Over the past 6 or 7 years we've added hacks like explicit unmount
-d commands for loop mounts, losetup -d after unmount -d fails, etc,
but still the problems persist. Recently, the frequency of loop
related failures increased again to the point that xfstests 259 will
reliably fail with a stray loop device that was not torn down.
That is despite the fact the test is above as simple as it gets -
loop 5 or 6 times running mkfs.xfs with different paramters:
lofile=$(losetup -f)
losetup $lofile "$testfile"
"$MKFS_XFS_PROG" -b size=512 $lofile >/dev/null || echo "mkfs failed!"
sync
losetup -d $lofile
And losteup -d $lofile is failing with EBUSY on 1-3 of these loops
every time the test is run.
Turns out that blkid is running simultaneously with losetup -d, and
so it sees an elevated reference count and returns EBUSY. But why
is blkid running? It's obvious, isn't it? udev has decided to try
and find out what is on the block device as a result of a creation
notification.
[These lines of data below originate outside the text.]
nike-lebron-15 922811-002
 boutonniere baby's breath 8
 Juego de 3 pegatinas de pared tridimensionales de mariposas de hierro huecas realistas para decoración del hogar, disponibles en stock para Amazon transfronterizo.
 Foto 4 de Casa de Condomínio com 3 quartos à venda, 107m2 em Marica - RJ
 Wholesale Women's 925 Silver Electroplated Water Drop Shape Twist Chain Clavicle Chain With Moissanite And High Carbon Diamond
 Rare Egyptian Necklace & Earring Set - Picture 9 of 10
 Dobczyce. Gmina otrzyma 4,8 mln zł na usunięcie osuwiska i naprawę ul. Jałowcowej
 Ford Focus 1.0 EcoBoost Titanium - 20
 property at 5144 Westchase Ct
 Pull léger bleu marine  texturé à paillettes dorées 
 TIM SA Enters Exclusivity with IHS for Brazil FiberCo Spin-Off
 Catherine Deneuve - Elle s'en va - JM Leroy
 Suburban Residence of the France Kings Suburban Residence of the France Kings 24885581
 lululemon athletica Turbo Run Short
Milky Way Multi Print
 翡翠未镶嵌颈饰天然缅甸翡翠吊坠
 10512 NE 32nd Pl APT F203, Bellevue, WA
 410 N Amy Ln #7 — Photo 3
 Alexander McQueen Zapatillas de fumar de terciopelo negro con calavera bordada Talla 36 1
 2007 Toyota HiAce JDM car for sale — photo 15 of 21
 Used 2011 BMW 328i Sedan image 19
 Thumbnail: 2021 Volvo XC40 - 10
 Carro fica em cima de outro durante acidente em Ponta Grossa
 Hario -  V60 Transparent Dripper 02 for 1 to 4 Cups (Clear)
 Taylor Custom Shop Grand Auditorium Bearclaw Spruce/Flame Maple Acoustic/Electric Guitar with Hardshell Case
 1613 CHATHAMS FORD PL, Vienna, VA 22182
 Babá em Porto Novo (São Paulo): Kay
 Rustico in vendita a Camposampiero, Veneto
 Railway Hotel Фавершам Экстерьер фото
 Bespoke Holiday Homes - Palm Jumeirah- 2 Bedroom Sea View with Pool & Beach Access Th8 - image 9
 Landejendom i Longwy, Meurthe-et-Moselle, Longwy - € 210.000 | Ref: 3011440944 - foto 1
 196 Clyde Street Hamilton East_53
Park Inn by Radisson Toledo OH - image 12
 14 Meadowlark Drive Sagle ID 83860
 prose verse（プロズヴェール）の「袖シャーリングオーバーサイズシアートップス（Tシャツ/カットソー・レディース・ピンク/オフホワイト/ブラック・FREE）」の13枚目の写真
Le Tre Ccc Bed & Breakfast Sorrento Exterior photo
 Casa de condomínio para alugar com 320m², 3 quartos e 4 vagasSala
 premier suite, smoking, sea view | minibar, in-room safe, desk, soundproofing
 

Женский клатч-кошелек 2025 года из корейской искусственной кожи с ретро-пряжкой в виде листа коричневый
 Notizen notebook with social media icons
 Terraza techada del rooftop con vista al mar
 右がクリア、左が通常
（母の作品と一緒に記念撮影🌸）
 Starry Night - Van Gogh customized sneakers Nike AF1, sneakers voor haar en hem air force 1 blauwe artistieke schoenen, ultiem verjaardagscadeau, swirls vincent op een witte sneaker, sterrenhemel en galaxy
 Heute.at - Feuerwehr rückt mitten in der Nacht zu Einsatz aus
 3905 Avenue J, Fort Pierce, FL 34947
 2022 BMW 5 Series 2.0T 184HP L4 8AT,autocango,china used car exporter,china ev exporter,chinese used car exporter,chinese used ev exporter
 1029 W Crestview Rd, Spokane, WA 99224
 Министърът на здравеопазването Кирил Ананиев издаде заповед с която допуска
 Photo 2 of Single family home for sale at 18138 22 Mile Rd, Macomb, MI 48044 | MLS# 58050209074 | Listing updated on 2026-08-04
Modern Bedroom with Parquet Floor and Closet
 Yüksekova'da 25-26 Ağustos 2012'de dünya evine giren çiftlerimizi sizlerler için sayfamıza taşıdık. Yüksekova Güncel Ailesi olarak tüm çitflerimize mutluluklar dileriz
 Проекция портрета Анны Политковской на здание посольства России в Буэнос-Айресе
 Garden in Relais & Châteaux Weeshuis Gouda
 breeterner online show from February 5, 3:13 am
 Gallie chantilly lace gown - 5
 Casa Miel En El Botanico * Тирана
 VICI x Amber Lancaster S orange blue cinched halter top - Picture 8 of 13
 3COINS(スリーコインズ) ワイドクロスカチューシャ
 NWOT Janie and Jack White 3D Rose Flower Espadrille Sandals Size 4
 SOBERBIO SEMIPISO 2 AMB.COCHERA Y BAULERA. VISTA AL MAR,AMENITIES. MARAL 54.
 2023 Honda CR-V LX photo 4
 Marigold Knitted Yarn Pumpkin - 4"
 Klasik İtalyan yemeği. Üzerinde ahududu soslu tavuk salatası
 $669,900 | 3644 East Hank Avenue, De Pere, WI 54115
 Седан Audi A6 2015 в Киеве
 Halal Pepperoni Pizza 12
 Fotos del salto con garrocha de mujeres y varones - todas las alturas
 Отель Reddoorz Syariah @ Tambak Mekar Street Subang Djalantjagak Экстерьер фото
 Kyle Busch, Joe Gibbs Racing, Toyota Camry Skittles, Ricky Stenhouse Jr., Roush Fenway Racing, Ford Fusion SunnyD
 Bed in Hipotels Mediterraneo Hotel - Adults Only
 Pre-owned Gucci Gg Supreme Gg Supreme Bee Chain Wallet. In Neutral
And it is racing with mkfs, so might still be scanning
the device when mkfs finishes and we try to tear it down.
So, make losetup -d force autoremove behaviour. That is, when the
last reference goes away, tear down the device. xfstests wants it
*gone*, not causing random teardown failures when we know that all
the operations the tests have specifically run on the device have
completed and are no longer referencing the loop device.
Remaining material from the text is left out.